# Najlepszy klient do obslugi gadu-gadu

## T0M3K

Na poczatku uzywalem GAIM bo ladnie integrowal sie z innymi protokolami.

Ale ostatnio nie dzialal i zmuszony bylem to zabawy z kadu.

Bo installacji na gentoo wyglada to nie za ciekawie (lubie ladne okienka) i nie ma opcji na themes.   :Sad: 

Uzywam rowniez ekg, ale chce cos na GUI.

Jakie sa wasze opinie rodacy?

----------

## Xax

kadu calkowicie mi wystarcza.

----------

## fallow

takze uzywam kadu , wersji 0.3.8 z cvs , kadu calkowicie mi wystarcza , jest bardzo konfigurowalne , i swietnie ze widac kiedy wiadomosc dochodzi na server.themsy tez sa  :Smile:  www.kadu.net

----------

## Prompty

proponuje gnu gadu ... byla jeszcze implementacja free gg ale nie wiem czy to instenieje czy nie 

http://gadu.gnu.pl/

osobuscie uzywam gaima ... bo musze miec jednoczesnie gg icq i jabbera ( moementami msn ) =P 

no i wszyscy powinni zaczac uzywac jabbera ;]

----------

## no4b

Zdecydowanie kadu, uzywam cvs.

----------

## cechor

 *T0M3K wrote:*   

> Uzywam rowniez ekg, ale chce cos na GUI.
> 
> Jakie sa wasze opinie rodacy?

 

Ja uzywam PSI wraz z transportem do GG na chrome.pl (teraz chrome nie dziala, zmiana maszyny), wczesniej uzywalem kadu i tez programik ok.

----------

## t666

ja z kolei polecam kopete, wygla naprawde bardzo ladnie (jak to kde), mozna dowolnie zmieniac emoty jak i sama forme prezentowania rozmowy.

naprawde goraco polecam, dla mnie numer jeden.

www.filipchmielewski.com/snapshot2.png

----------

## no4b

W kadu mozna wybrac zestaw emotikon :]

----------

## OBenY

skad mozna pobrac ebuildy dla kadu z cvs ?

----------

## fallow

ale przeciez mozna sicagnac zrodelko z kadu.net (cvs) ,chyba ze jakos zmienic istniejacy ebuild do 0.3.7

----------

## Dagger

Jak dla mnie kadu w zupelnosci wystarcza.

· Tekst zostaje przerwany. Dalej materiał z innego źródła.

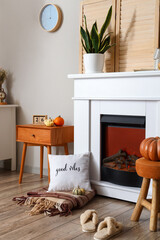 Fototapeta na wymiar Interior of living room with autumn decor and fireplace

Dziala dobrze i nie ma z nim problemow.

----------

## CyriC

Ja tez uzywam PSI z transportem GG, jesli korzystasz jeszcze z jakichs innych protokolow to jabber jest idealnym rozwiazaniem.

----------

## pkrzykowski

kadu, albo psi z transportem gg. Jakos prezentacja obu mi odpowiada. Co do powszechnosci uzywania jabbera, to rzeczywiscie, pewnie sie spopularyzuje. Prawdopodobnie firma w ktorej pracuje przejdzie tez na jabbera i postawimy wlasny serwer do jego obslugi.

pozdro

P.

----------

## kolkowski_damian

 *pkrzykowski wrote:*   

> kadu, albo psi z transportem gg (...)

 

Popieram PSI, ewentualnie centericq ale "jggtrans" musi być.

Używam już tego od przeszło roku i sobie chwalę, także polecam.

P.S. PSI ma już transwer plików - wypasik  :Very Happy: 

----------

## C1REX

PSI to (IMHO) najlepszy klient najlepszej sieci. 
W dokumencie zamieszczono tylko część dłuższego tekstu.